* **Supplied data**

== Segment start ==

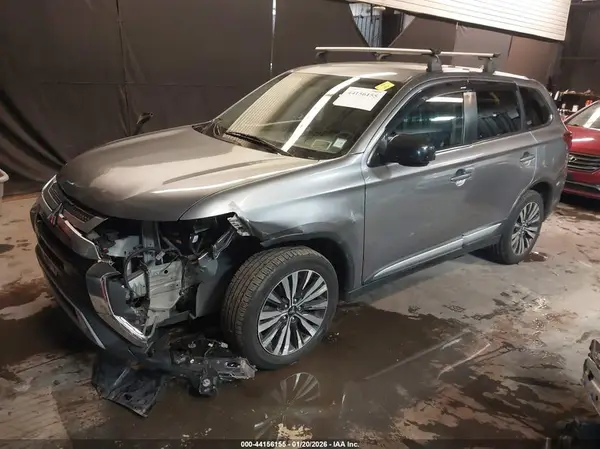 JA4AD2A35KZ002915 2019 MITSUBISHI OUTLANDER - Image 2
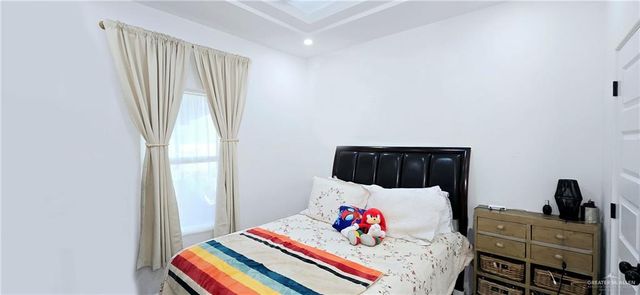 2228 N Revolution, Edinburg, TX 78541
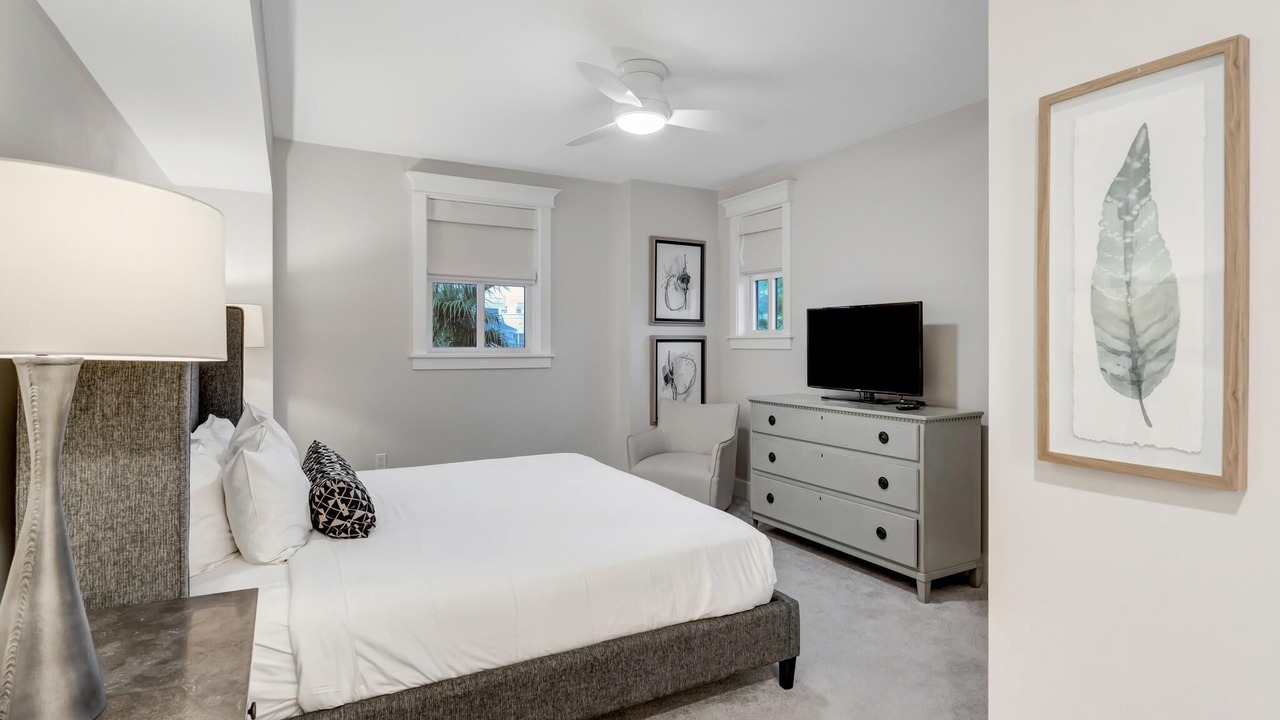 Photo of Bedroom in Baytowne Wharf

== Segment end ==

Type the lines above out again exactly as they appear, skipping every picture.

* **Answer to this exercise**
 JA4AD2A35KZ002915 2019 MITSUBISHI OUTLANDER - Image 2
 2228 N Revolution, Edinburg, TX 78541
 Photo of Bedroom in Baytowne Wharf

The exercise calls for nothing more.